U.S. crude traded 10 cents higher at $93.94 by 1:49 p.m. EST, after striking $95.15 earlier. London Brent crude rose 12 cents to $91.74.
Oil has held close to the record $98.62 a barrel struck earlier this month, supported by worries of a supply shortfall during the Northern Hemisphere winter and the tumbling dollar.
A summit of the heads of state for the Organization of Petroleum Exporting Countries ended on Sunday without strong signs as to whether the group will hike oil output to help ease high prices when it next meets on December 5 in Abu Dhabi.
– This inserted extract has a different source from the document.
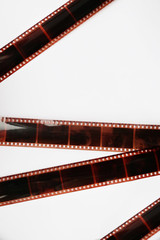 Camera film strips on white background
During the OPEC summit, Venezuela and Iran -- both locked in diplomatic rows with Washington -- called for the cartel to take action to offset the falling greenback, which can eat away at revenues from dollar-denominated oil sales.
While OPEC did not mention the weak dollar in its final statement from the meet, traders are looking for signals the group could seek higher prices to offset the fall.
OPEC talk about prices being undervalued and its concern with the falling dollar are all filtering into the market, said Mark Pervan of ANZ Bank in Melbourne. There are pockets of bullish news out in the market and no bearish news at all.
Talk that oil exporters could next month discuss abandoning their fixed exchange rates to the dollar helped push the dollar lower on Monday.
Barclays Capital analysts said prices were receiving strong support from underlying tightness, though sentiment appears to be suffering from a slight resurgence of demand pessimism.
Iran's President Mahmoud Ahmadinejad said the market price of oil was still undervalued, despite concerns that rising energy costs could damp demand growth from consumer nations.
Speculators on the New York Mercantile Exchange crude oil market cut their net long positions last week, the Commodity Futures Trading Commission said.
Net speculative crude positions fell to 27,566 in the week to November 13 from 105,816 in the previous week, which analysts at Barclays Capital said was the largest fall on record.